» **Supplied records**:
§ §
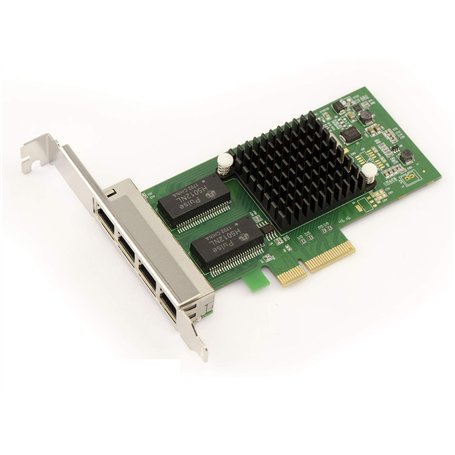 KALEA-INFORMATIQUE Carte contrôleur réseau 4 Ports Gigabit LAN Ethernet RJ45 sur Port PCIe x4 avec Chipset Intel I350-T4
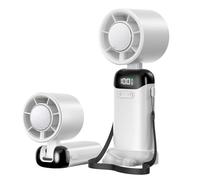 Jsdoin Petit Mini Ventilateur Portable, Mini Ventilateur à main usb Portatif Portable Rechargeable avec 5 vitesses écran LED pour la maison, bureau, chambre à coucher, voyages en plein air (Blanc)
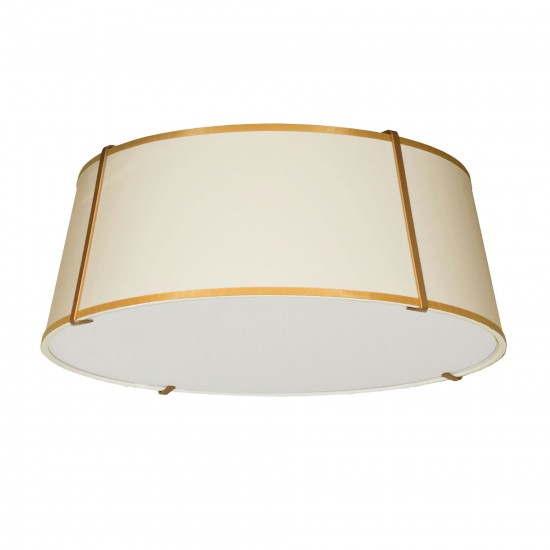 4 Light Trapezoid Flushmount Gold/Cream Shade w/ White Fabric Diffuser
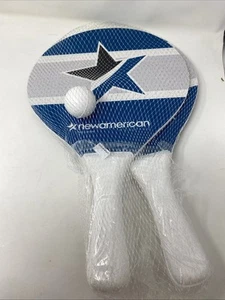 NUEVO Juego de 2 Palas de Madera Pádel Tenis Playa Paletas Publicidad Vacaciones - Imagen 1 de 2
§ §
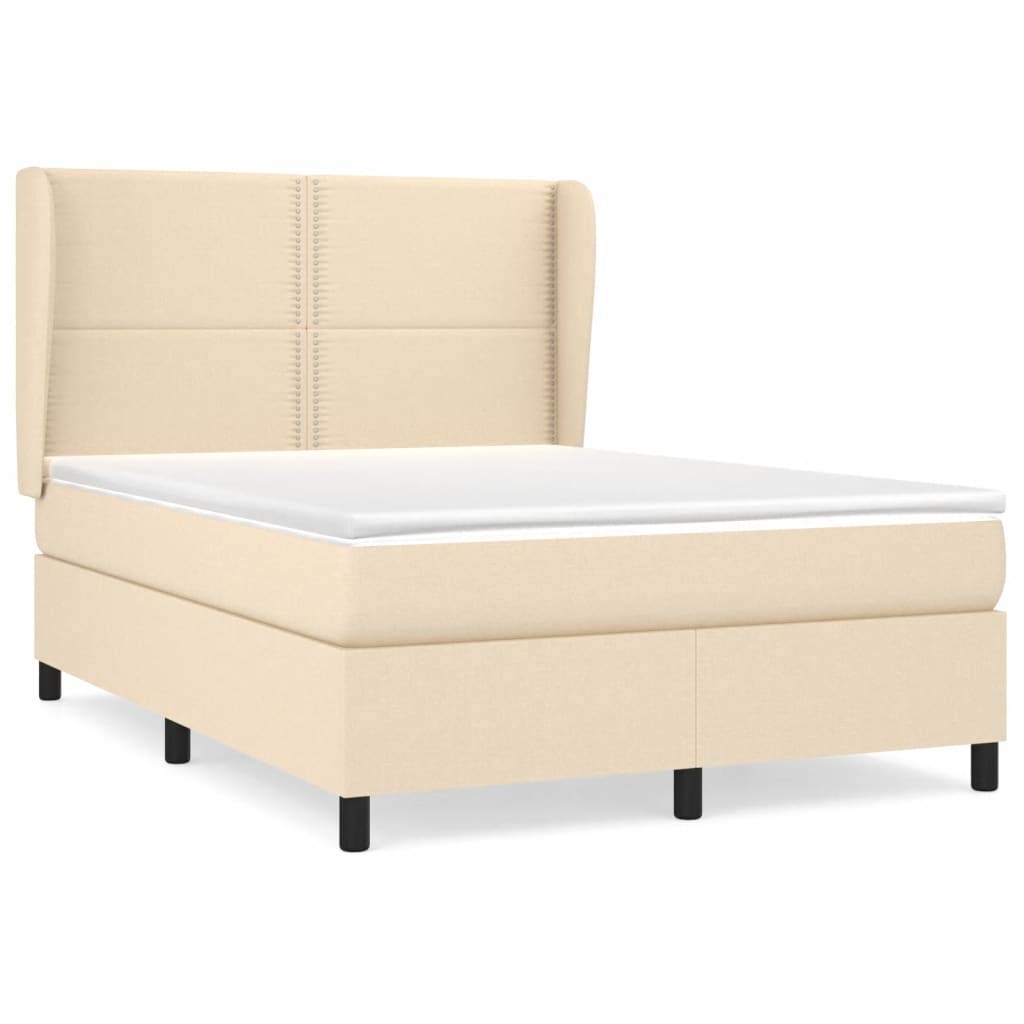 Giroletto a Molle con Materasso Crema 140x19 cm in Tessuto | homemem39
§ §
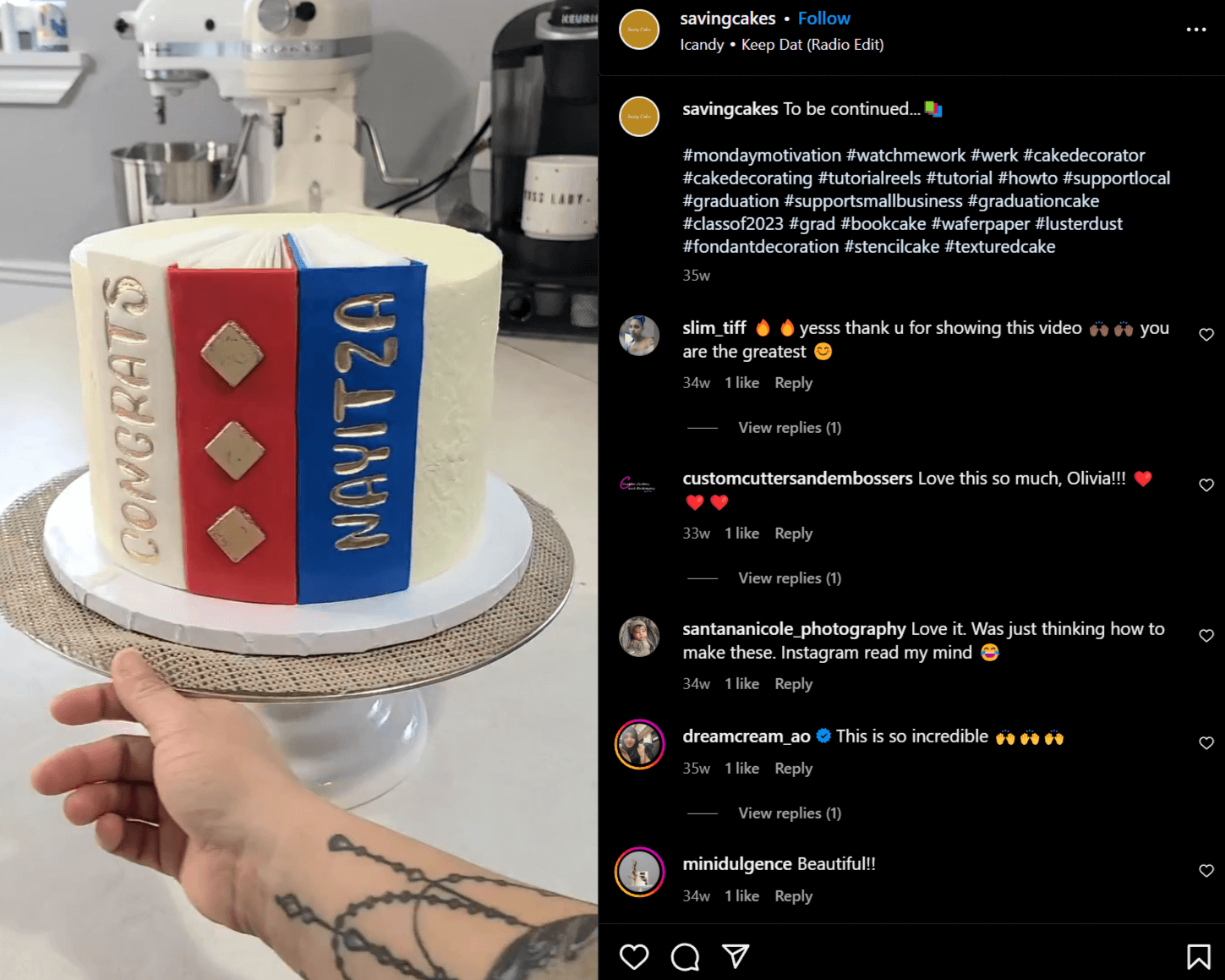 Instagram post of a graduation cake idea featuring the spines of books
§ §
» **Exercise requirements**: Since the pictures are not part of the copy, please transcribe only the lines above from the one with "Jsdoin Petit Mini" through the one with "4 Light Trapezoid", exactly and with both ends.

» **Response to this exercise**:
 Jsdoin Petit Mini Ventilateur Portable, Mini Ventilateur à main usb Portatif Portable Rechargeable avec 5 vitesses écran LED pour la maison, bureau, chambre à coucher, voyages en plein air (Blanc)
 4 Light Trapezoid Flushmount Gold/Cream Shade w/ White Fabric Diffuser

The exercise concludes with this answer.